Thereafter, Danve said before bringing the ordinance a high powered committee of chief ministers was constituted and that these CMs after discussing all the points decided that a Bill should be brought. He also said he had no doubt that no injustice would be done to the farmers because of this Bill.
Opposition cautioned against Bill
Incidentally, it was during this debate,that several Opposition MPs cautioned the government against taking away the powers of the states to regulate and place stock limits on essential commodities.
Congress leader in Lok Sabha, Adhir Ranjan Chowdhury, had stated that there could also be some States where the business of hoarding is so rampant that the State Governments may wish to regulate and place stock limits. “Hence,” he demanded that “respecting the principle of federalism, the amendment must apply only if the State Government by notification applies that amendment in its State.”
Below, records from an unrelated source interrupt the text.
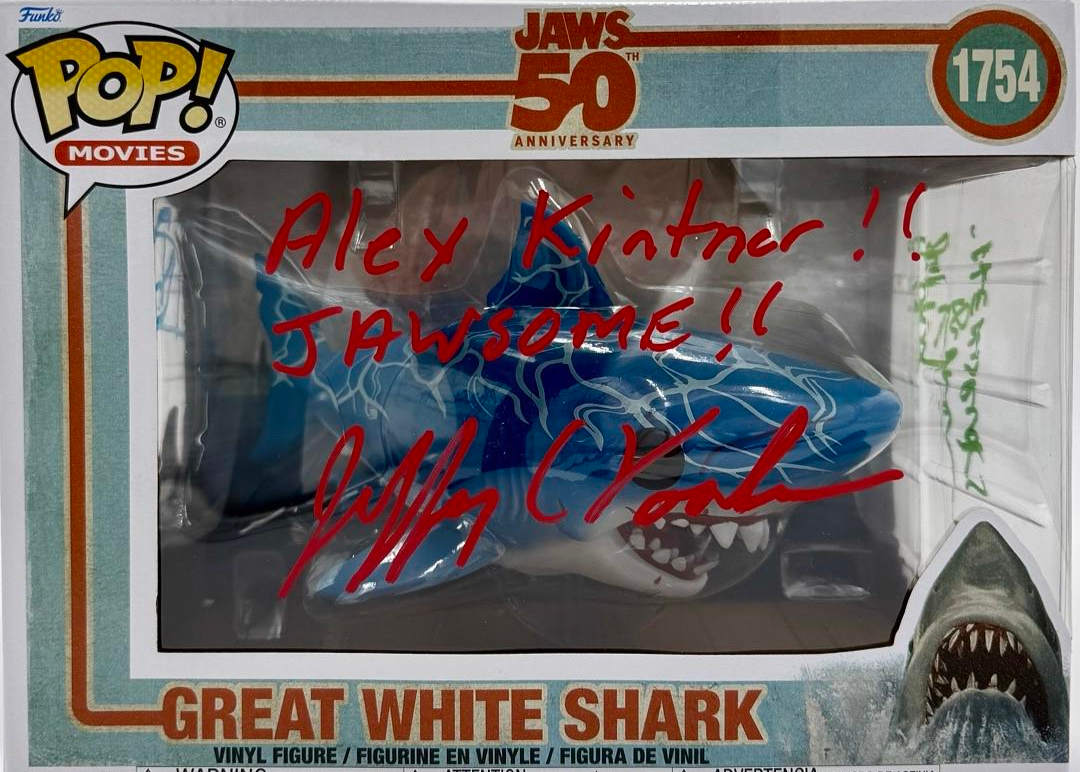 Richard Dreyfuss, Jeffrey Kramer, Jeffrey Vorhees, Stephen and Jonathan Searle, Signed Funko Pop #1754 (Jaws) - Beckett COA #01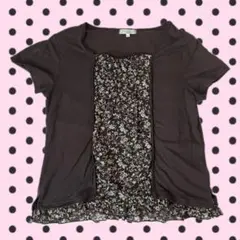 平成 姫カジ coquette 森ガールフェアリー レース チュニック 花柄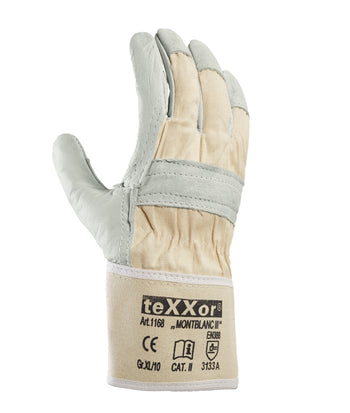 MAX Rindvollleder-Handschuhe MONTBLANC III, EN ISO 21420, EN 388  1168 (VE 120 Paar)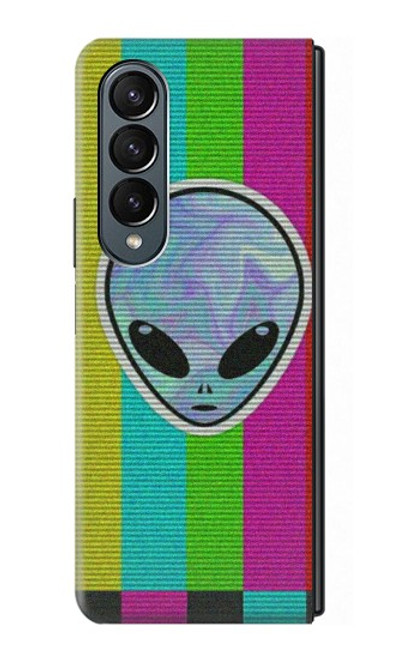 W3437 Extraterrestre Aucun signal Etui Coque Housse et Flip Housse pour Samsung Galaxy Z Fold 4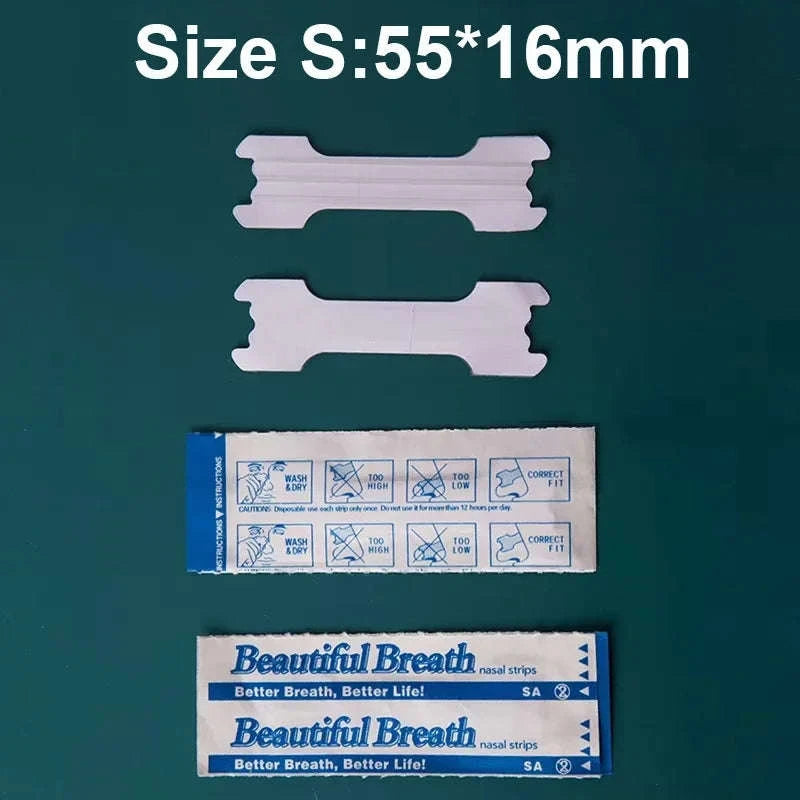 Transparent Nasal Strips for Better Breathing & Snoring Relief-United States / 50pcs / Size L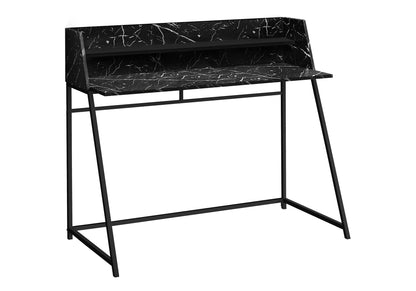 Marble Look Computer Desk with Storage Shelves - Multiple Colors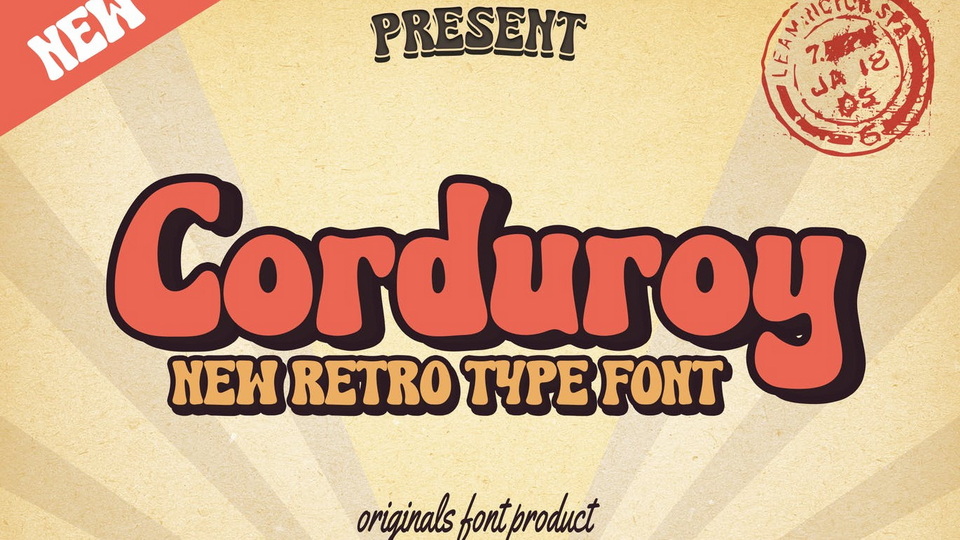 

Corduroy - A Classic and Groovy Font for Designers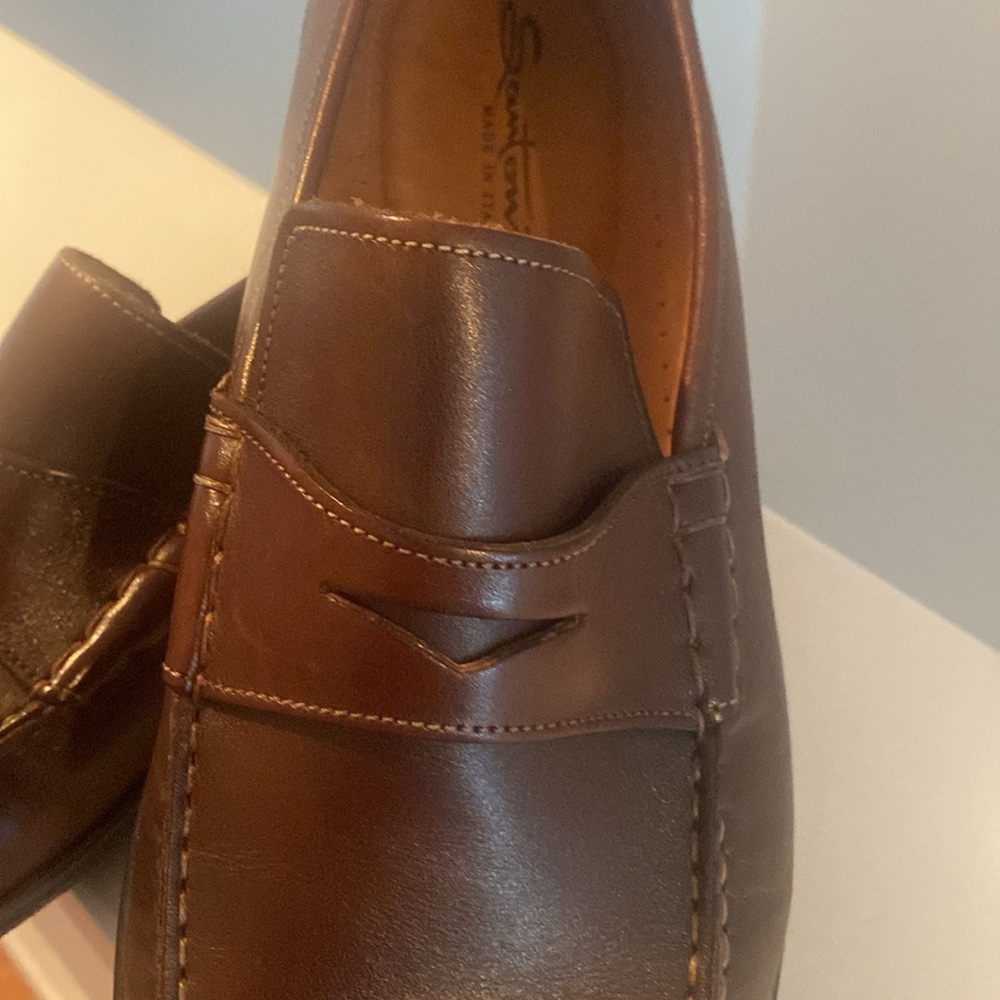 Pair of Santoni Shoes in brown, size 10.5 Like New condition Maybe worn once - Picture 5 of 11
Another Congress MP, Gaurav Gogoi, claimed that through the Essential Commodities Act, the State Governments are able to “regulate the prices by fixing them in a situation of price rise”. However, he said, “this Bill deregulates certain commodities thus depriving the State Governments of this control. This deprivation of this essential responsibility comes without any consultation with States. This impingement on State powers without any consultation renders the Bill ultra vires.”
‘Bill restricted State’s ability to curb hoarding’
Gogoi also charged that “the lack of stock limit allows corporates and traders with capacity and resources to hoard the commodities. Hoarding of these commodities will allow them to manipulate the market.”
Sougata Roy of Trinamool Congress also opposed the amendment to the ECA saying, “the States had the power to regulate stocks being kept by people” and that “it was necessary for avoiding hoarding and black-marketing or seasonal shortages during floods or droughts.”
But with the Bill, he insisted, “this power is being taken over by the Central Government and the powers of the State Governments to regulate have been circumscribed. The power to fix stock limits has been rendered illusory. Through a provision and an explanation clause, the Ordinance has rendered the concept of stock limit illusory and meaningless. If the Ordinance becomes an Act, hoarders will celebrate.”